▶ [REQUIRED WORK]
Copy out exactly the lines spanning the line with "Лена, 36 лет" to the line with "Dingman Retractor", inclusive, from the data underneath, with no pictures.

▶ [DATA FOR THIS EXERCISE]
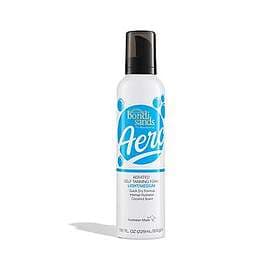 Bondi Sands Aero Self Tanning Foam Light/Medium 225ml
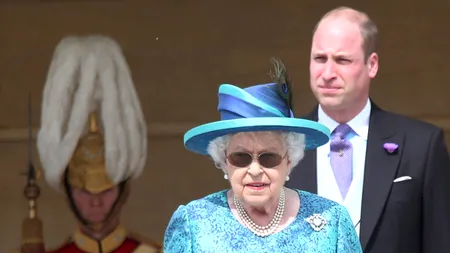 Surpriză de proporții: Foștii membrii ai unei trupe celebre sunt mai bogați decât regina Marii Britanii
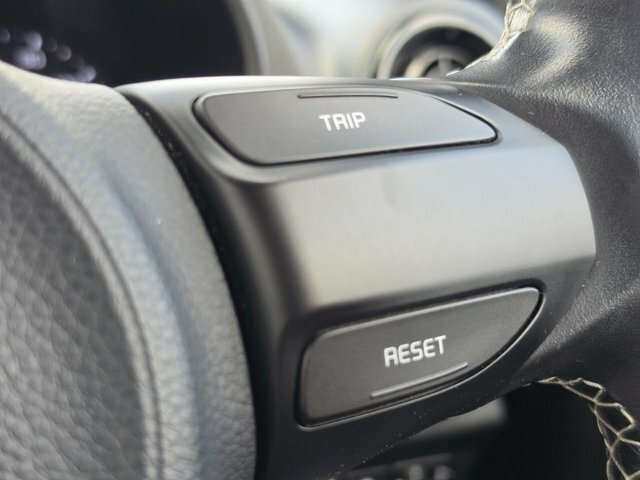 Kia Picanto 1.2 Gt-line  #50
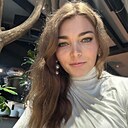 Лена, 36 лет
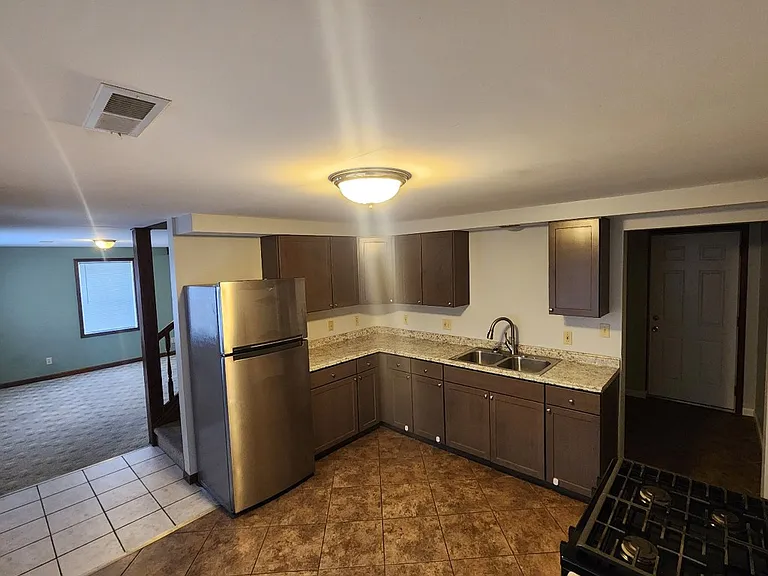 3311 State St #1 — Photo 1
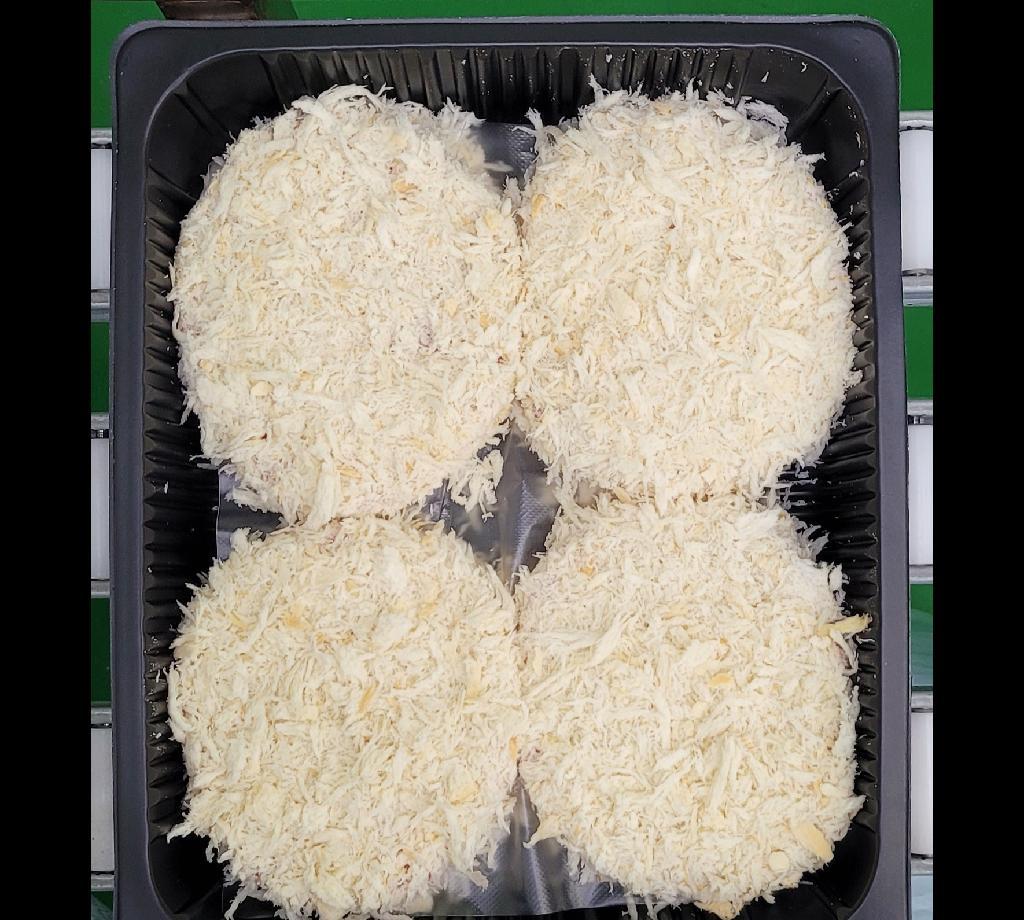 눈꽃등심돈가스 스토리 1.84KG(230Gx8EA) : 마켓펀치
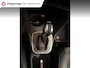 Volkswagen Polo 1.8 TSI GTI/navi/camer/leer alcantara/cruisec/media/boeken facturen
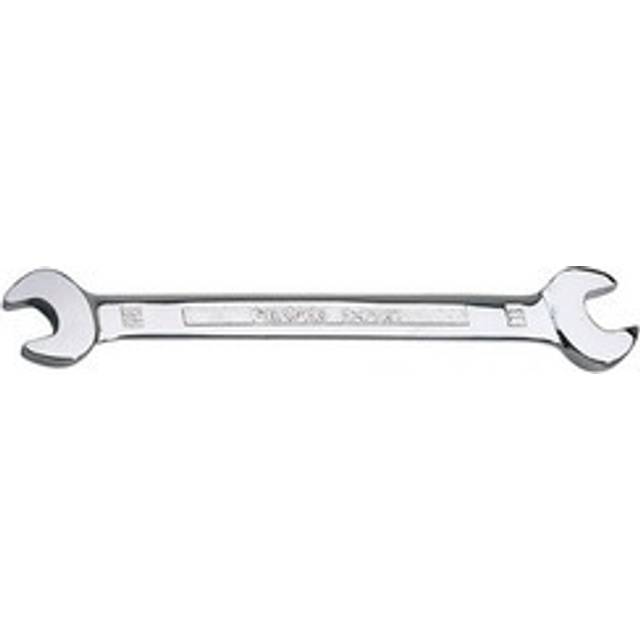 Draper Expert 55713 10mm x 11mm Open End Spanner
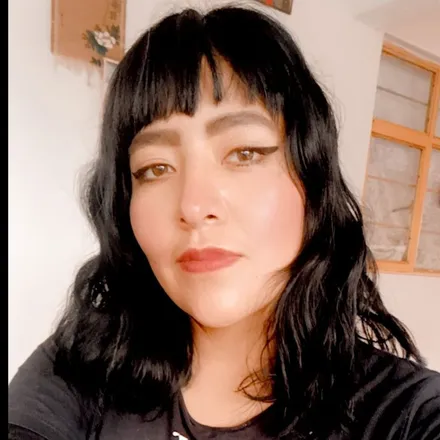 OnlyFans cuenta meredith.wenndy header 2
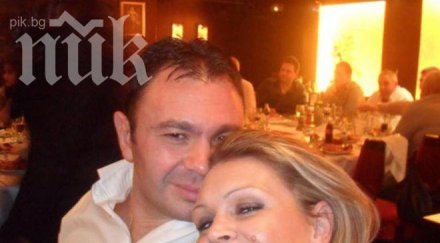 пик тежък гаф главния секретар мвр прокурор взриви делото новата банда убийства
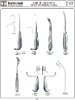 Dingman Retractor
--
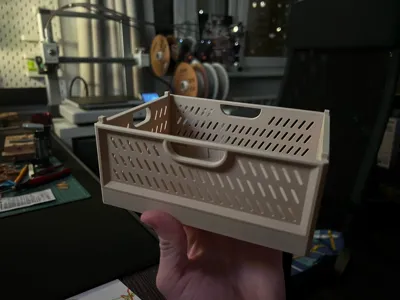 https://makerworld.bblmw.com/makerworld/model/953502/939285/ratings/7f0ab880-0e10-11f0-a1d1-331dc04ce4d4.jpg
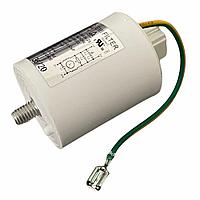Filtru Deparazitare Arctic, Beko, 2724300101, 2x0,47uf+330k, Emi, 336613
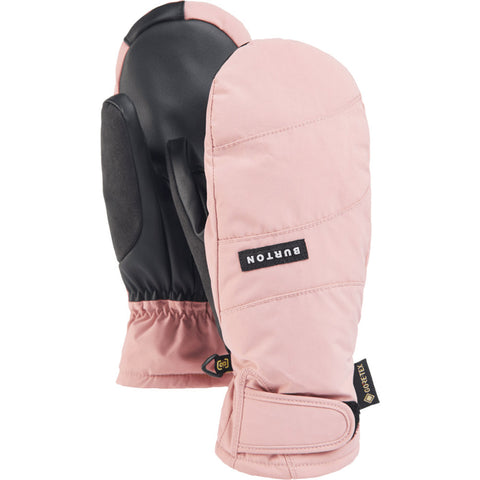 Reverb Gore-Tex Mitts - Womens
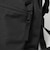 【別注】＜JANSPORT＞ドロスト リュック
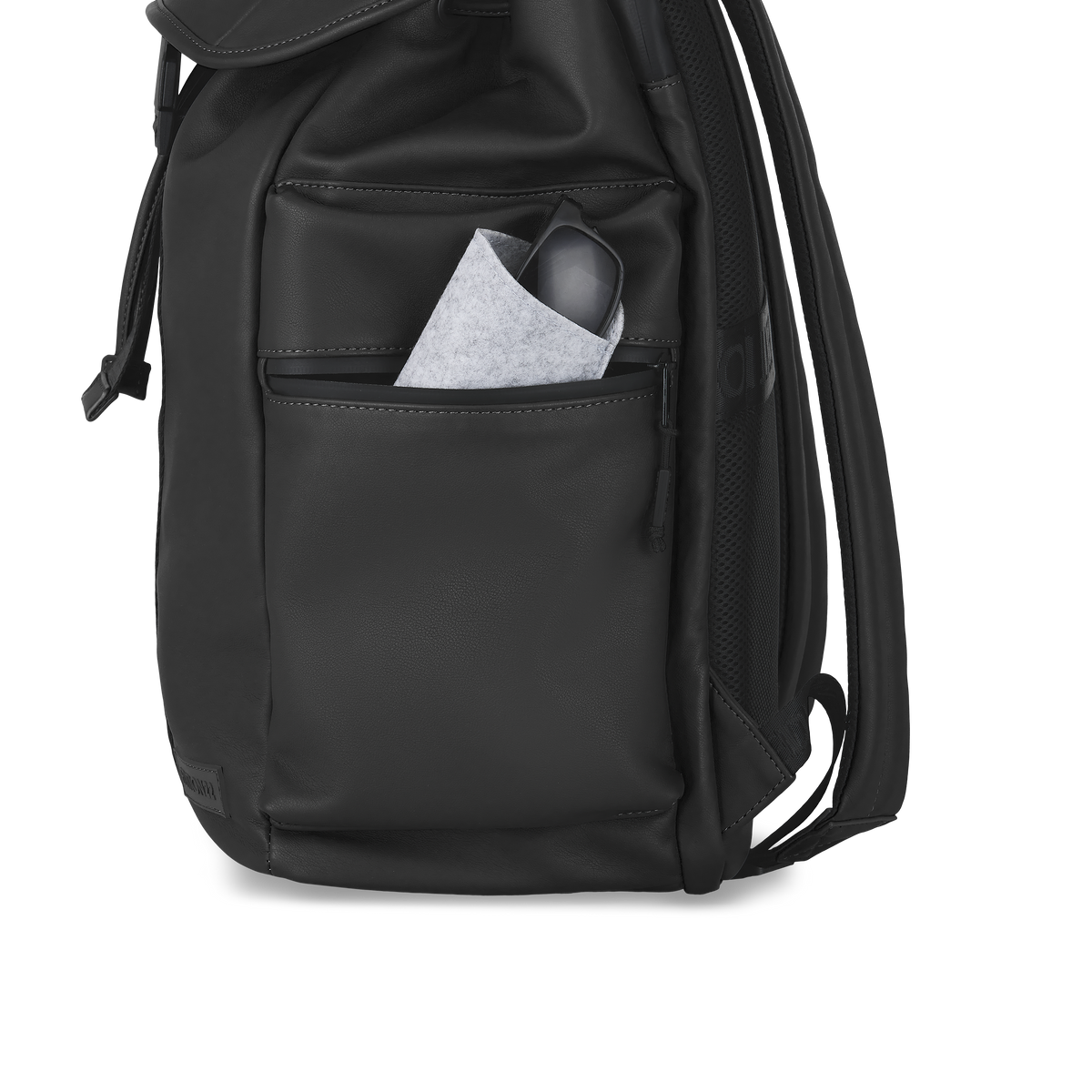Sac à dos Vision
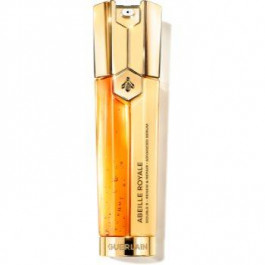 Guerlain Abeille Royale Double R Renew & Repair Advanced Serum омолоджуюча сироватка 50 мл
--
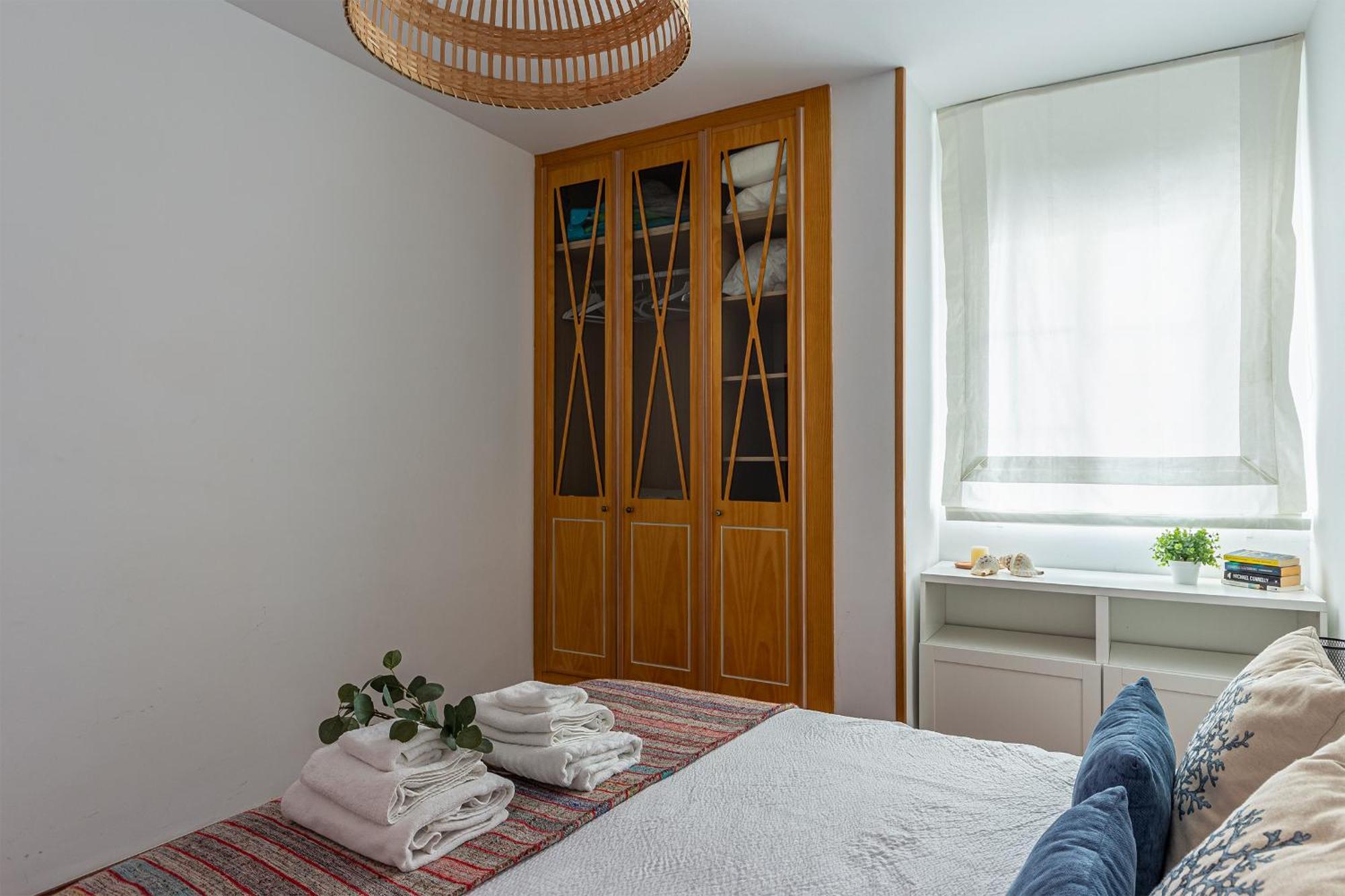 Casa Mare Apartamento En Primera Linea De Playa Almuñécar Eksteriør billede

▶ [WRITTEN SOLUTION]
 Лена, 36 лет
 3311 State St #1 — Photo 1
 눈꽃등심돈가스 스토리 1.84KG(230Gx8EA) : 마켓펀치
 Volkswagen Polo 1.8 TSI GTI/navi/camer/leer alcantara/cruisec/media/boeken facturen
 Draper Expert 55713 10mm x 11mm Open End Spanner
 OnlyFans cuenta meredith.wenndy header 2
 пик тежък гаф главния секретар мвр прокурор взриви делото новата банда убийства
 Dingman Retractor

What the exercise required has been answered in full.